Amounts earned in your client’s TFSA after death but before distribution would require contribution room for future tax sheltering. Let’s look at the Meg and Allan example again:
Of the $37,000 received by Meg, $35,000 was contributed to her TFSA without impact to her contribution room — the contribution occurred before December 31 of the year following death, and she designated the contribution on CRA form RC240 within 30 days after the contribution. Although she was taxed on the $2,000 earned in Allan’s TFSA after his death, her available TFSA contribution room allowed her to contribute this amount to her TFSA, providing for future tax sheltering of the entire amount ($37,000).
If someone other than a spouse or CLP inherits the TFSA, the tax-free amount earned before death is still passed to beneficiaries tax-free. Amounts earned after death but before distribution are taxable, and TFSA contribution room is required to shelter all amounts from future tax. Only a spouse or CLP is entitled to an exempt contribution.
In preparing for the new TFSA environment, questions have come up about beneficiary designations. Are beneficiary designations permitted on TFSA applications? Would a beneficiary designation on a TFSA application allow the asset to bypass the estate of the deceased and transfer directly to named beneficiaries, as is the case with many RRSPs and RRIFs? Naming beneficiaries on an application can simplify asset distribution and reduce administrative costs such as probate fees.
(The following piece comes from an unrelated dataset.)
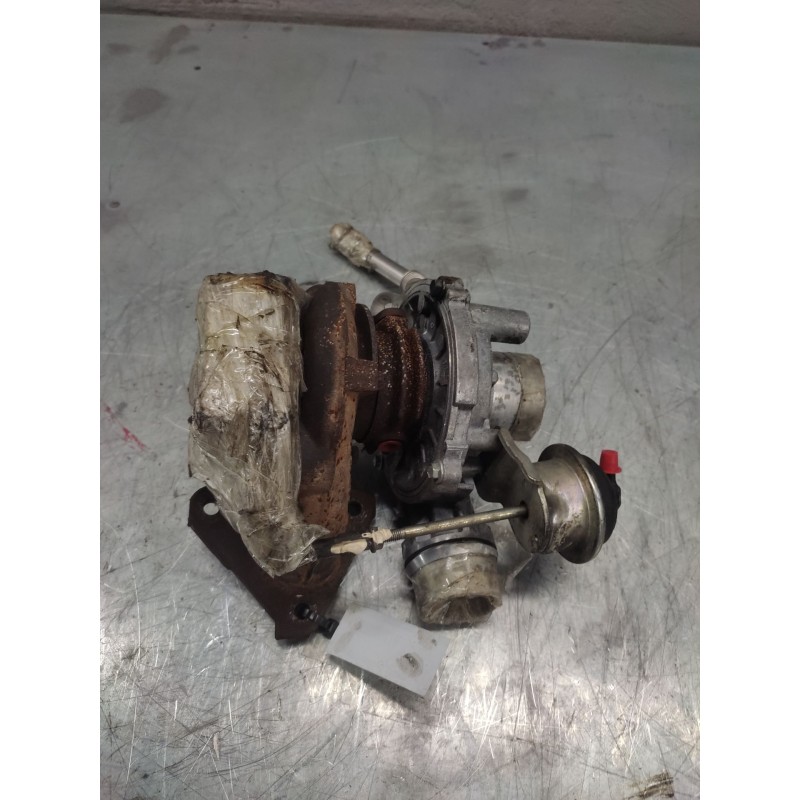 Recambio de turbocompresor para renault master ii phase 2 combi kombi 2,8t l1 6pl. referencia OEM IAM 8200483650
Interestingly, other than the right to name a successor holder, no mention of beneficiary designations is made in federal TFSA legislation. This is not unusual, as the transfer of assets at death is governed by provincial and territorial legislation. In order to transfer RRSPs, RRIFs or TFSAs to beneficiaries by way of a plan designation, provincial or territorial legislation must allow for it. While this legislation is in place for RRSPs and RRIFs, at the time of writing, only British Columbia, Alberta, Nova Scotia and Prince Edward Island have introduced legislation to allow for such a designation for TFSAs. Similar provisions in the remaining provinces and territories have not yet been made.
Until such provisions are introduced, TFSA assets in the remaining provinces and territories will pass to beneficiaries by way of a deceased’s will and, in the case of provinces that levy estate administration fees, may be subject to probate fees.
Several groups, including the Investment Funds Institute of Canada, have written the provinces and territories recommending updates to legislation to allow for the transfer of TFSAs by means other than a will. In anticipation of this, some financial institutions are accepting TFSA applications that allow for a successor holder or beneficiary designation.
Until provincial and territorial updates are made, clients who hold TFSAs should indicate intentions in their wills to ensure their wishes are carried out at death, even when a successor holder or beneficiary designation is made directly on a TFSA application. (In Quebec, it is expected that TFSA transfers at death will not be permitted by means other than a will.)
As you approach your clients to discuss the TFSA, don’t forget to address estate planning details. Not only will it help ensure TFSAs are addressed appropriately in the case of death, but it might also lead to larger estate planning discussions — something every client should consider.